+++ Data for review +++
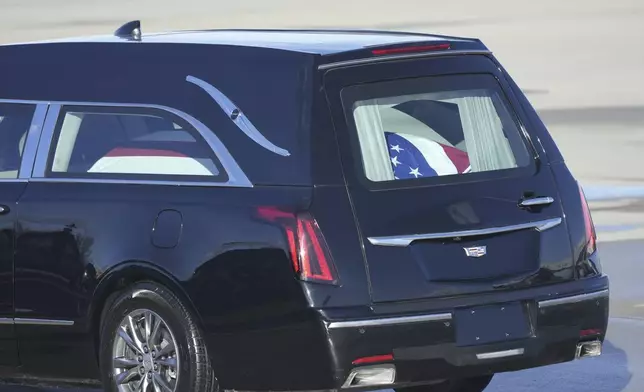 A hearse carrying the flag-draped casket of former President Jimmy Carter departs Joint Base Andrews, Md., following his arrival, Tuesday, Jan. 7, 2025, and will travel to the Capitol where he will lie in State. Carter died Dec. 29 at the age of 100. (AP Photo/Steve Helber)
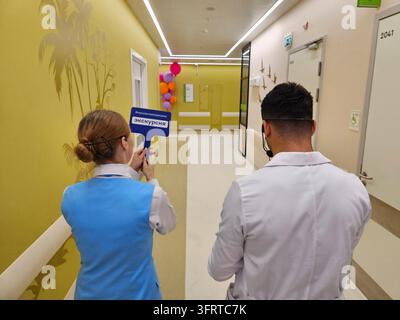 MOSCOW - SEP 7, 2025: Woman and a man are standing in a hallway, looking at a sign that says Moscow medicine excursion. The woman is holding a plate, and the man is wearing a white lab coat. Stock Photo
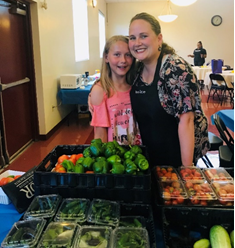 an adult and child stand by vegetables that are being grown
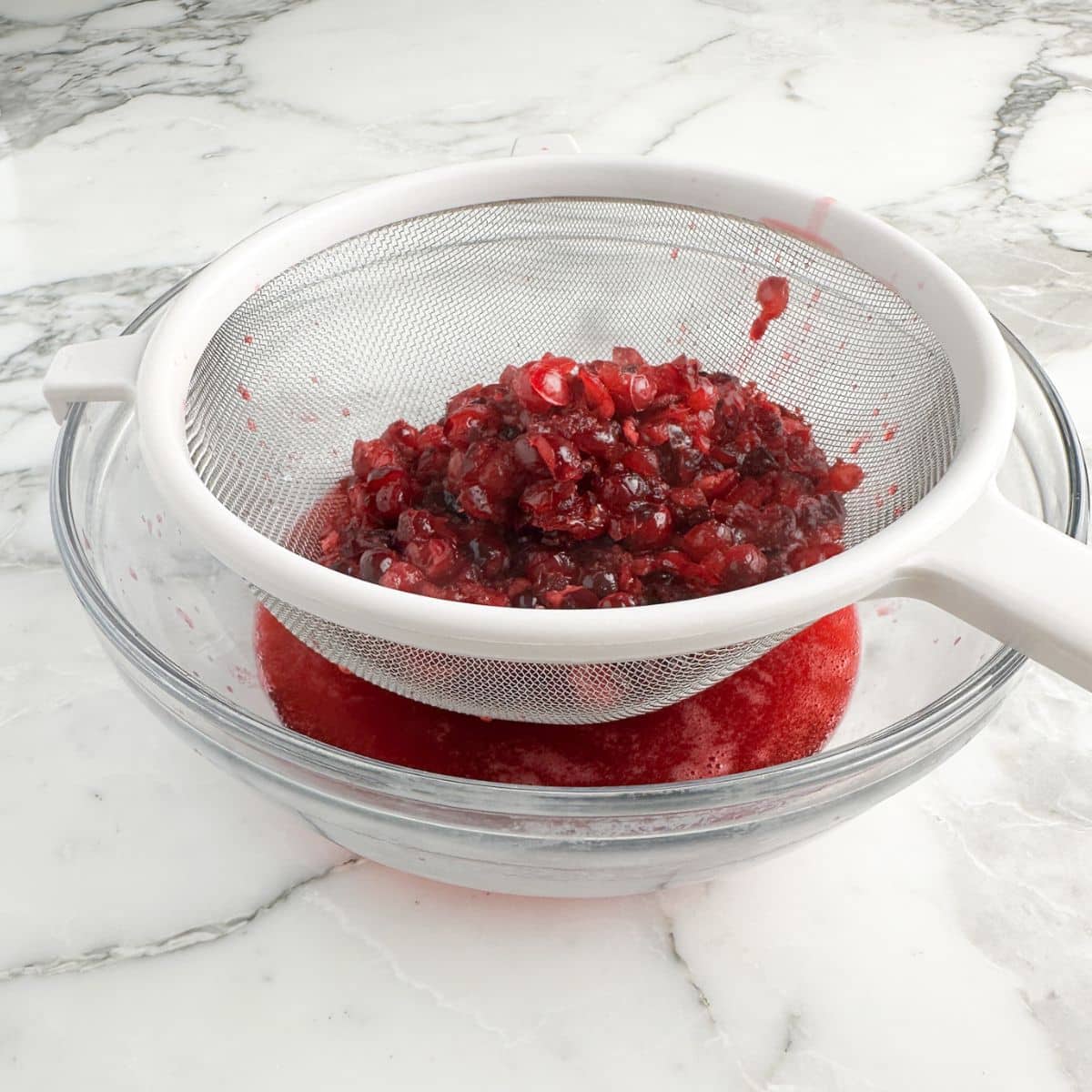 Strainer with cranberries and cranberry juice.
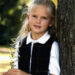 A young girl with long blonde hair, wearing a white collared shirt and black vest, stands outdoors leaning against a tree while holding a small bunch of white wildflowers. She looks at the camera and smiles slightly.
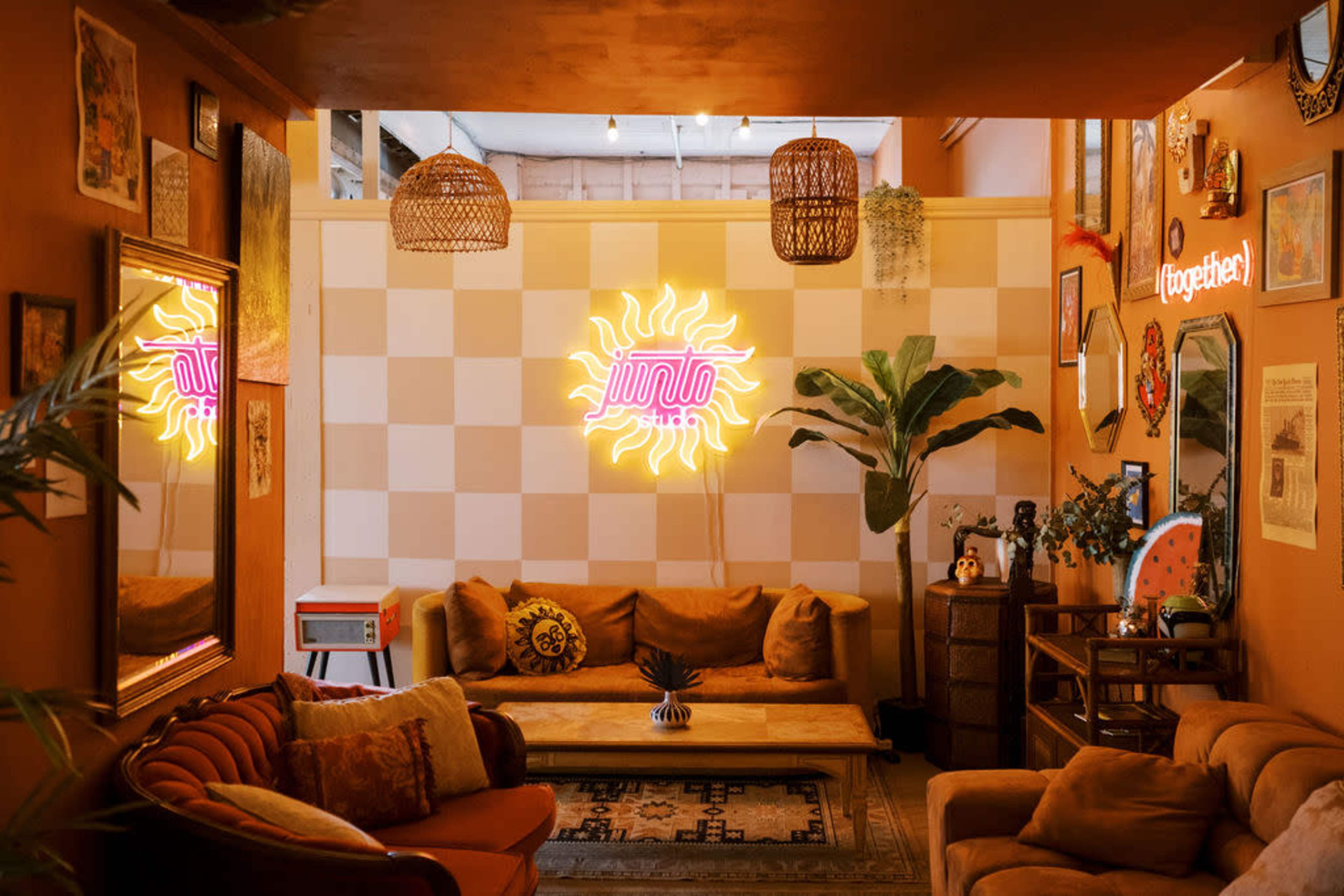 The image shows a cozy living space featuring a neon sun sign, multiple patterned cushions on a sofa, and decorative plants on the walls.
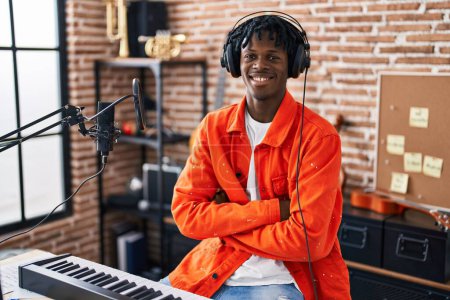 Téléchargez les photos : Homme afro-américain musincien souriant confiant assis avec les bras croisés geste au studio de musique - en image libre de droit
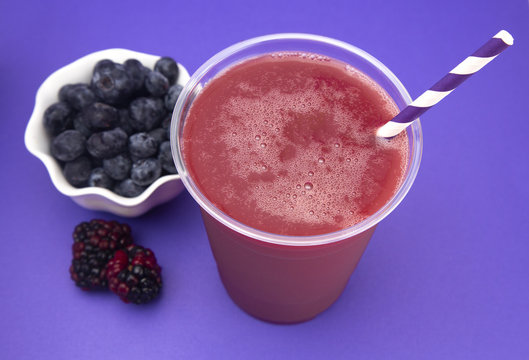 Berry Smoothie in a Plastic Disposable Cup
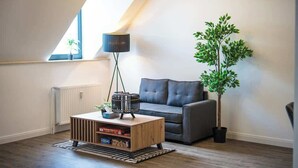 Ett modernt vardagsrum med ett sluttande tak, en mörkgrå soffa, ett soffbord i trä, en golvlampa och en krukväxt.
+++
▶ [Exercise prompt]: If a record holds a picture, skip the picture and write out everything else exactly.

▶ [Answer to this task]:
 A hearse carrying the flag-draped casket of former President Jimmy Carter departs Joint Base Andrews, Md., following his arrival, Tuesday, Jan. 7, 2025, and will travel to the Capitol where he will lie in State. Carter died Dec. 29 at the age of 100. (AP Photo/Steve Helber)
 MOSCOW - SEP 7, 2025: Woman and a man are standing in a hallway, looking at a sign that says Moscow medicine excursion. The woman is holding a plate, and the man is wearing a white lab coat. Stock Photo
 an adult and child stand by vegetables that are being grown
 Strainer with cranberries and cranberry juice.
 A young girl with long blonde hair, wearing a white collared shirt and black vest, stands outdoors leaning against a tree while holding a small bunch of white wildflowers. She looks at the camera and smiles slightly.
 The image shows a cozy living space featuring a neon sun sign, multiple patterned cushions on a sofa, and decorative plants on the walls.
 Téléchargez les photos : Homme afro-américain musincien souriant confiant assis avec les bras croisés geste au studio de musique - en image libre de droit
 Berry Smoothie in a Plastic Disposable Cup
 Ett modernt vardagsrum med ett sluttande tak, en mörkgrå soffa, ett soffbord i trä, en golvlampa och en krukväxt.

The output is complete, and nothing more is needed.